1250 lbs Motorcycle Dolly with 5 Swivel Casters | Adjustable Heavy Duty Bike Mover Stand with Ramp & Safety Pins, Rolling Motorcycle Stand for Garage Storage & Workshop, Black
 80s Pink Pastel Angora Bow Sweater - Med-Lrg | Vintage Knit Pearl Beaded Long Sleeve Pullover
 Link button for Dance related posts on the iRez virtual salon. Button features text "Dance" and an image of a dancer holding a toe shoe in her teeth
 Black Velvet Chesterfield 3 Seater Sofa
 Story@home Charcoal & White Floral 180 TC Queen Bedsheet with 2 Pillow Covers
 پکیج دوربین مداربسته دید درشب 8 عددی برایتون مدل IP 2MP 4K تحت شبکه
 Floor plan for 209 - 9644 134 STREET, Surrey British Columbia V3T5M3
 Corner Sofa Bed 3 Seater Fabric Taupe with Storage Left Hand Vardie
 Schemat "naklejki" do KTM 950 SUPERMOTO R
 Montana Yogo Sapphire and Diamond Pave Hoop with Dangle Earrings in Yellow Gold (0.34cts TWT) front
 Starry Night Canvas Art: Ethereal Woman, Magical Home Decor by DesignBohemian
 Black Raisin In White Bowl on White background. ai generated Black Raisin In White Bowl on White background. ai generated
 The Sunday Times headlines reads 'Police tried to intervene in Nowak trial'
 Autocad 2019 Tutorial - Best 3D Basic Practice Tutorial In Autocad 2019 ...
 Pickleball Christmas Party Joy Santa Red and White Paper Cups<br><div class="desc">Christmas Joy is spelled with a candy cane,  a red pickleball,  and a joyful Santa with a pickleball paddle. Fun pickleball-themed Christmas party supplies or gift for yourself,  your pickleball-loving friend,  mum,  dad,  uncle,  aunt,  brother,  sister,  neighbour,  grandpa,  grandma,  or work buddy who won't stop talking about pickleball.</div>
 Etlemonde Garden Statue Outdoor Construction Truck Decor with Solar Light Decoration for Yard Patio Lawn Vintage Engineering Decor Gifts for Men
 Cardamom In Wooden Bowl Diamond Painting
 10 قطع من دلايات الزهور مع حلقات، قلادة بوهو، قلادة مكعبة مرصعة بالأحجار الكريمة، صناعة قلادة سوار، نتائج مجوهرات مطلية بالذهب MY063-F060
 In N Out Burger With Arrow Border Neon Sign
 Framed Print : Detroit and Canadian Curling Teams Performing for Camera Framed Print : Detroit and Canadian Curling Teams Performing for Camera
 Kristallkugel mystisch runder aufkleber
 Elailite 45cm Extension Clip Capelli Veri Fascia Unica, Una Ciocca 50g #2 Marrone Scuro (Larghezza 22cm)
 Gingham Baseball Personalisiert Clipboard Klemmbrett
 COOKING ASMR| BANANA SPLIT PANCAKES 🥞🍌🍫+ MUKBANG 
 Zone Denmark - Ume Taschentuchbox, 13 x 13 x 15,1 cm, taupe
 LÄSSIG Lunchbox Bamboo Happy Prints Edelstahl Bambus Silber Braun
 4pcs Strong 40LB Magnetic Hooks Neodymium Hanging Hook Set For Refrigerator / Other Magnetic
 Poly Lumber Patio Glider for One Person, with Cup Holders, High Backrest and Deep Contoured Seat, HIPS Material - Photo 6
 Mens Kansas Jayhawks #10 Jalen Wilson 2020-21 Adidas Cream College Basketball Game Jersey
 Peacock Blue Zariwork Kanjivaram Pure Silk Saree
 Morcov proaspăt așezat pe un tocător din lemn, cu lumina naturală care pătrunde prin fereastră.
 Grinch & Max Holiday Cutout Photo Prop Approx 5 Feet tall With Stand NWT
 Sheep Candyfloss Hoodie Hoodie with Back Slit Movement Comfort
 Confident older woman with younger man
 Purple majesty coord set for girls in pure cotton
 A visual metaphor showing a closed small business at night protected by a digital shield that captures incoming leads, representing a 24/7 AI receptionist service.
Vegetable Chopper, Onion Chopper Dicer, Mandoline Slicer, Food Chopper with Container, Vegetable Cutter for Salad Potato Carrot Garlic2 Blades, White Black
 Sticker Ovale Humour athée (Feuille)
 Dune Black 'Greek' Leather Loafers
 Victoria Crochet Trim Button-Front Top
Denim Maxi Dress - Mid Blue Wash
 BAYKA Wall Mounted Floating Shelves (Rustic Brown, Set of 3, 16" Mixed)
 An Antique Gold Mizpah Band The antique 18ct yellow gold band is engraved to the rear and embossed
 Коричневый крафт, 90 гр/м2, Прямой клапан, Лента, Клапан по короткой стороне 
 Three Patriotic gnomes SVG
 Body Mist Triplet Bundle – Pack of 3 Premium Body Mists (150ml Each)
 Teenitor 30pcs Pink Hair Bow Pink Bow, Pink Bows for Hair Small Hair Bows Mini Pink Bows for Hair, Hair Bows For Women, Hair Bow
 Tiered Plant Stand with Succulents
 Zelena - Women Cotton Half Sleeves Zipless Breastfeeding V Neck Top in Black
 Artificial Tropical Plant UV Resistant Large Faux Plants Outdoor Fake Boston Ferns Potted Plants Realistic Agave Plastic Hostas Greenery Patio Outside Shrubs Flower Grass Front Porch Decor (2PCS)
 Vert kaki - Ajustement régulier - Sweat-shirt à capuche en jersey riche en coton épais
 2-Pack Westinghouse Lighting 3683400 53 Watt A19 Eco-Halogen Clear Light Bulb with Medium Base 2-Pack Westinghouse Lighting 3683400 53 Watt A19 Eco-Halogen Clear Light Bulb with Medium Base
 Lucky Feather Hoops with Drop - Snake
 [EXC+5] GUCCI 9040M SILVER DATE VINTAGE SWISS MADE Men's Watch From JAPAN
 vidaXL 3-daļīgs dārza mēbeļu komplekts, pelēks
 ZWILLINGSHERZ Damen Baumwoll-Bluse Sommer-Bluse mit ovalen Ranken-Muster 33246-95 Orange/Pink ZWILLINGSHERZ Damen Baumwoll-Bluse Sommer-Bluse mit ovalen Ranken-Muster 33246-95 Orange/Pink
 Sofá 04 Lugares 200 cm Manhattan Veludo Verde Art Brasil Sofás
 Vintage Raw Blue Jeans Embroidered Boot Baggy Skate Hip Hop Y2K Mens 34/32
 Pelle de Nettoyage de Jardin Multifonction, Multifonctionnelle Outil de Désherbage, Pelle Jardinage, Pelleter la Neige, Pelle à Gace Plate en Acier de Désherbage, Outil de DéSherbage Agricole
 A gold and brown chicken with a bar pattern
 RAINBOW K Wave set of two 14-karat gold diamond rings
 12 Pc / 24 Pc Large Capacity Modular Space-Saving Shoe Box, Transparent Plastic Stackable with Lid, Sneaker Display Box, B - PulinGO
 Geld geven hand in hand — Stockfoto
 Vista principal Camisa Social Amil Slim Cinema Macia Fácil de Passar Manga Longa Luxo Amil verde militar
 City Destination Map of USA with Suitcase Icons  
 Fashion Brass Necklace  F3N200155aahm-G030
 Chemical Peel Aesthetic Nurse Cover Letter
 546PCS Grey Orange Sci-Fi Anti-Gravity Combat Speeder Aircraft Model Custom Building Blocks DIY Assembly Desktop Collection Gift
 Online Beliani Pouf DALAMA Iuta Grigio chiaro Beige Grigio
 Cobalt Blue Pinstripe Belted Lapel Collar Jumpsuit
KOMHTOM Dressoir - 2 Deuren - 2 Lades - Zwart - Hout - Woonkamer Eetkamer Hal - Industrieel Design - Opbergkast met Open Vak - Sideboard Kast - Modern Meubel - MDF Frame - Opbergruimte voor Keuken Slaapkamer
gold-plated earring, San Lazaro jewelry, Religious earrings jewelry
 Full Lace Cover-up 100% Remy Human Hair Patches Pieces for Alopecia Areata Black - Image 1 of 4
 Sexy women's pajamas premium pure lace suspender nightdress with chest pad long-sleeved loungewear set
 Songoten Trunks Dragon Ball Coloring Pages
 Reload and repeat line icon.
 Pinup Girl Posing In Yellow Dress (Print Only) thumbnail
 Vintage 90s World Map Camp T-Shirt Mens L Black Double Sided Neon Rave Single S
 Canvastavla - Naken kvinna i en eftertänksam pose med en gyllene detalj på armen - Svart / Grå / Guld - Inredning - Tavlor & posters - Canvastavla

WHAT IS NEEDED: Above are some lines. Repeat exactly, and only, those from the line that has "Gingham Baseball Personalisiert" through the line that has "Zelena - Women".

SOLUTION TO THIS EXERCISE:
 Gingham Baseball Personalisiert Clipboard Klemmbrett
 COOKING ASMR| BANANA SPLIT PANCAKES 🥞🍌🍫+ MUKBANG 
 Zone Denmark - Ume Taschentuchbox, 13 x 13 x 15,1 cm, taupe
 LÄSSIG Lunchbox Bamboo Happy Prints Edelstahl Bambus Silber Braun
 4pcs Strong 40LB Magnetic Hooks Neodymium Hanging Hook Set For Refrigerator / Other Magnetic
 Poly Lumber Patio Glider for One Person, with Cup Holders, High Backrest and Deep Contoured Seat, HIPS Material - Photo 6
 Mens Kansas Jayhawks #10 Jalen Wilson 2020-21 Adidas Cream College Basketball Game Jersey
 Peacock Blue Zariwork Kanjivaram Pure Silk Saree
 Morcov proaspăt așezat pe un tocător din lemn, cu lumina naturală care pătrunde prin fereastră.
 Grinch & Max Holiday Cutout Photo Prop Approx 5 Feet tall With Stand NWT
 Sheep Candyfloss Hoodie Hoodie with Back Slit Movement Comfort
 Confident older woman with younger man
 Purple majesty coord set for girls in pure cotton
 A visual metaphor showing a closed small business at night protected by a digital shield that captures incoming leads, representing a 24/7 AI receptionist service.
Vegetable Chopper, Onion Chopper Dicer, Mandoline Slicer, Food Chopper with Container, Vegetable Cutter for Salad Potato Carrot Garlic2 Blades, White Black
 Sticker Ovale Humour athée (Feuille)
 Dune Black 'Greek' Leather Loafers
 Victoria Crochet Trim Button-Front Top
Denim Maxi Dress - Mid Blue Wash
 BAYKA Wall Mounted Floating Shelves (Rustic Brown, Set of 3, 16" Mixed)
 An Antique Gold Mizpah Band The antique 18ct yellow gold band is engraved to the rear and embossed
 Коричневый крафт, 90 гр/м2, Прямой клапан, Лента, Клапан по короткой стороне 
 Three Patriotic gnomes SVG
 Body Mist Triplet Bundle – Pack of 3 Premium Body Mists (150ml Each)
 Teenitor 30pcs Pink Hair Bow Pink Bow, Pink Bows for Hair Small Hair Bows Mini Pink Bows for Hair, Hair Bows For Women, Hair Bow
 Tiered Plant Stand with Succulents
 Zelena - Women Cotton Half Sleeves Zipless Breastfeeding V Neck Top in Black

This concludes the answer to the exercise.